The Garden Claw. It breaks up the soil beautifully with a minimum of effort because of the way it’s shaped, and is small enough that you can work between individual plants. No bending to pull weeds! There are two models, one short handled, and one long handled, so be sure to purchase the one that feels right for you.
Mantis type tiller. These small tillers usually weigh in at around 20 pounds, but are just as effective as the larger tillers. Another benefit is how they are small enough to get between rows in a garden or between plants in a flower garden. A large heavy tiller will break up sod much quicker, but in my experience, it is still a tug of war. The smaller tillers take a little more time to break up the sod, but if you are doing a fairly small area, scoring it with a spade will greatly speed up the process.

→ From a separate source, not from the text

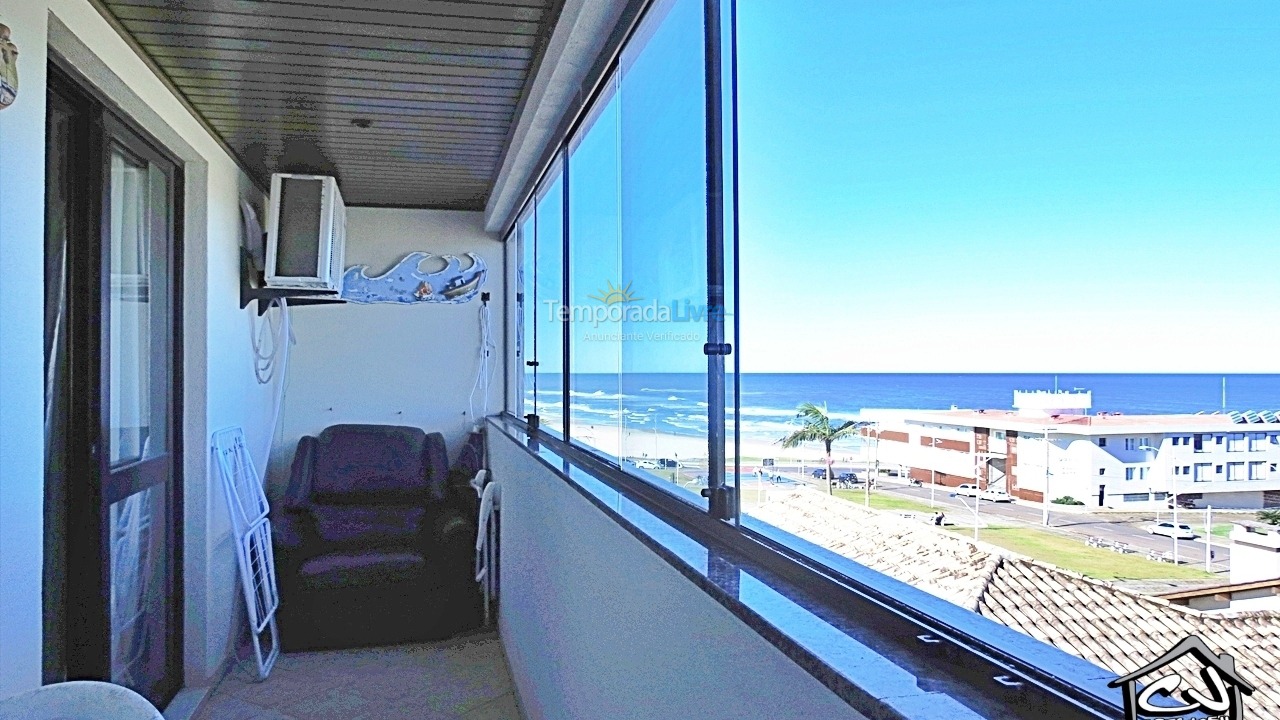 Apartment for vacation rental in Torres (Praia Grande)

The proper garden spade. I am not talking about those curved bladed shovels. I am talking about a straight bladed garden spade. As most gardeners do, I had about four of those curved spades around the house. Once I purchased my garden spade, I gave three away, and haven’t used the remaining one since. Never again will I purchase a curved spade for gardening.
Exercise Your Back. Keeping your back and abdominal muscles strong and flexible is one of the best ways to protect your back from injury. A regular routine of stretching and strengthening exercises will improve your back strength and flexibility.
Lift items correctly. I know you have heard this one a thousand times, but we all forget. Keep your feet apart and flat on the floor for good balance. Lift by bending at the knees, not at the waist. As you lift, hold the load close to your body. Tighten your stomach muscles and tuck your chin into your chest. By tightening and tucking your pelvis, you’ll help keep your back in alignment while you lift. Never twist while lifting. Instead, move one foot at a time in the direction you want to go, then turn with your leg muscles.
When raking leaves or other debris, don’t bend to pick it up unless you absolutely have to. A better alternative to using a rake to pick it up is a snow shovel. I personally have used one of those ergonomic shovels to pick up my leaves for years. If you are just moving the leaves from one part of your property to another (to the compost heap I hope!), use a tarp. Pile the leaves on it and drag it to where you will be leaving them.